The excessive CAs release and resultant hypertension can lead to significant changes in the cardiovascular system, such as vasoconstriction of the coronary arteries, increased arterial stiffness, arrythmias, and cardiomyopathy. Moreover, it was shown that normotensive patients with PPGL had similar perioperative hemodynamic instability to those with significant preoperative hypertension. Therefore, it is essential to perform cardiovascular evaluation for every patient with PPGL. The evaluation should include a thorough history, physical examination, complete laboratory tests, electrocardiogram (ECG), and echocardiography. An ECG may reveal pathologic findings such as nonspecific ST-T wave changes, arrythmias, and signs of left ventricular hypertrophy, which may be related to the CA-induced coronary artery vasoconstriction that obstructs myocardial blood flow. 
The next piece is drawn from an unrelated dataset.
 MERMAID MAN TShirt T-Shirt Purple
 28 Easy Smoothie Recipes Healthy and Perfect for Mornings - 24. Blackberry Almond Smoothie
Management of Hypertensive Crisis

PPGL may cause potentially lethal hypertensive crisis due to the effects of the excessive released CAs. Hypertensive crisis is an acute, life-threatening situation associated with severe increase in blood pressure, requiring special attention. It is defined as a systolic blood pressure higher than 180 mmHg or a diastolic blood pressure higher than 120 mmHg, with or without acute target organ damage. Hypertensive crisis may develop as a consequence of postural changes, urination, emotional stress, and use of certain drugs which may provoke the release of Cas.

In summary, preoperative management of PPGL, which includes hypertension control and improvement of blood volume, is crucial. The most common approach is to block the function of excessive plasma CAs, and α-AR antagonists are the first choice. Hypertension may be slightly better controlled by non-selective α-AR antagonist, phenoxybenzamine, for some patients, at the cost of higher risk of postoperative hypotension and other side effects. While selective α-AR antagonist, doxazosin, is proved to have much less adverse effects, but is more likely to be used in combination with additional antihypertensive drugs.